Ebbene, molti lettori hanno erroneamente ritenuto che si trattasse di una trovata letteraria. In realtà la situazione era così grottesca che abbiamo preferito “alleggerirla” con la forma del racconto scherzoso. Ora Bruno Blasi ci ha pregati di ospitare questa sua indignata lettera aperta al sindaco Mazzola. Lo facciamo volentieri.

Al Sindaco di Tarquinia,
Non me la sento di chiamarla “signor” sindaco perché l’aver autorizzato di mettere le mani sulla tomba di Vincenzo Cardarelli, uno degli uomini più illustri della nostra moderna letteratura, e rimuoverne il cenotafio etrusco autorizzato da un intero Consiglio Comunale non troverebbe giustificazione nemmeno da parte di un illetterato.

Se lei avesse letto il testamento dello stesso Cardarelli che è riportato in una delle copie dell’Epistolario che si dovrebbe rintracciare nella biblioteca del suo ufficio, vi avrebbe letto “Desidero essere sepolto nel cimitero dei poveri in vista di Tarquinia etrusca mia”; e avrebbe forse capito il significato di tutta la sua dedicazione letteraria alla terra, alla città della tradizione etrusca.

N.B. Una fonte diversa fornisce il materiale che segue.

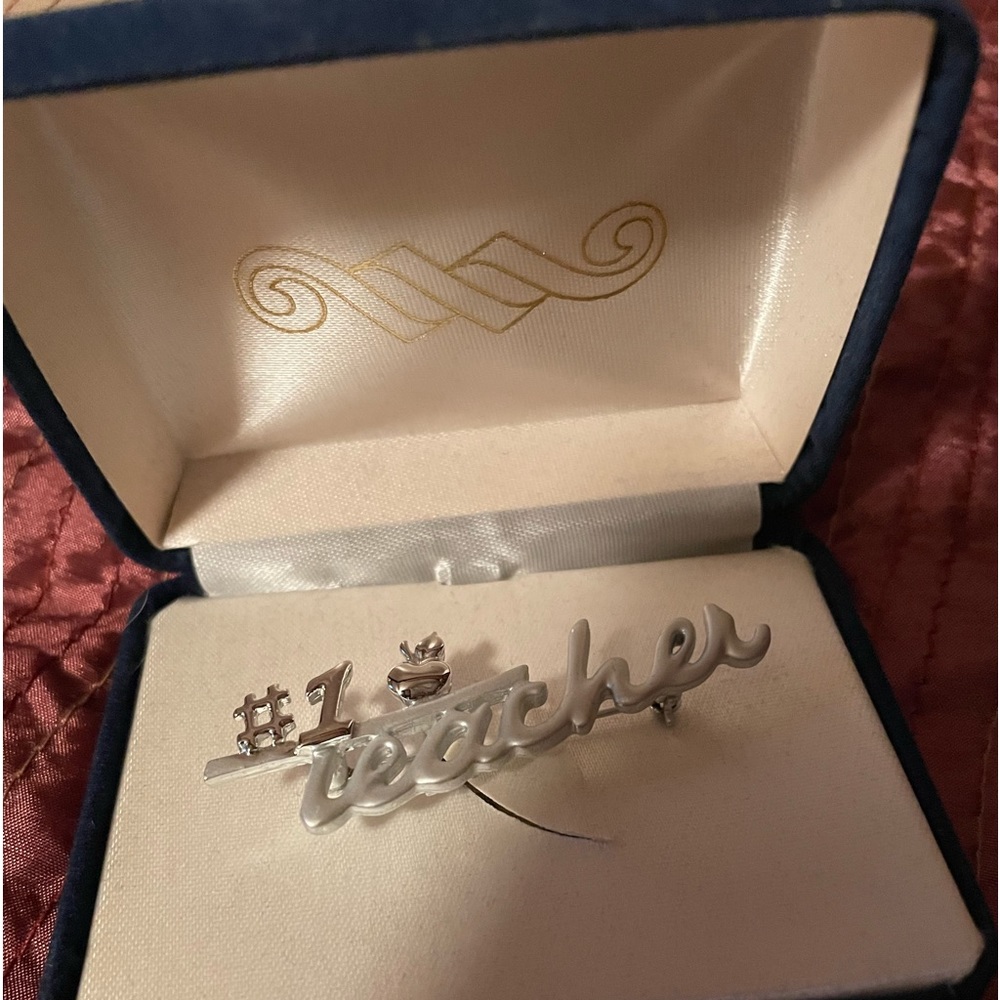 #1 teacher pin. New in box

Se lei avesse viaggiato di più avrebbe saputo che il grande pittore e incisore tedesco Albrecht Dürer è tuttora sepolto al centro della città di Norimberga; che la tomba di Leonardo da Vinci è tuttora interrata all’interno del castello di Ambois in Francia; che nessuno ha mai pensato di rimuovere un sasso dal tempio di Ravenna dove è sepolto dal 1321 l’Alighieri; e che nel Pantheon di Roma è ancora ricoverato il corpo di Raffaello.
Le pare che qualcuno avrebbe mai pensato di andare a frugare fra i resti umani di questi o di altri illustri della nostra tradizione?

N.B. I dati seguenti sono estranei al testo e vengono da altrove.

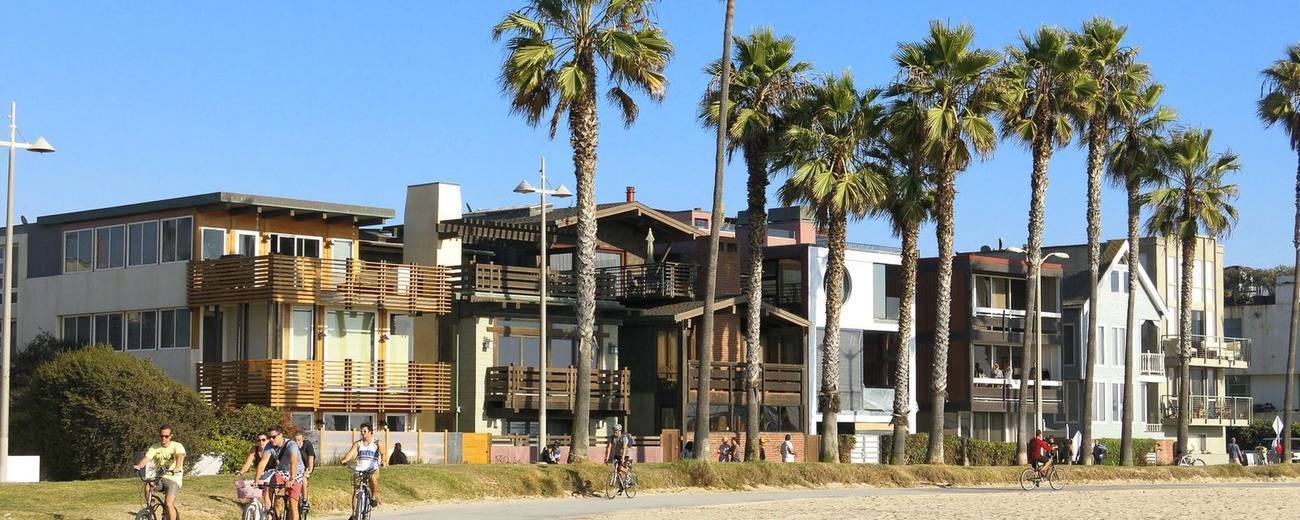 Beachfront homes and palms along the Venice boardwalk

Le riporto per sua conoscenza ciò che il grande critico letterario Carlo Bo, rettore magnifico dell’Università di Urbino, scrisse nella rivista letteraria “Ca’ de sass”: “Cardarelli non fu un mendicante ingrato alla Bloy ma un figlio senza padre, un grande poeta dalla sorte avversa”. Sorte avversa che evidentemente continua.

Provveda a rimediare all’oltraggio che è stato consumato, glielo consiglia l’unico erede della famiglia Romagnoli - Blasi, dal momento che mia madre era cugina carnale di Cardarelli. Faccia rimettere il cenotafio del sarcofago etrusco laddove si trovava in omaggio a quanto Cardarelli scrisse in una sua poesia: “Io morrò dove e quando il fato vorrà \ e resti alle ossa inappagate \ il fremito e il desio del ritorno”.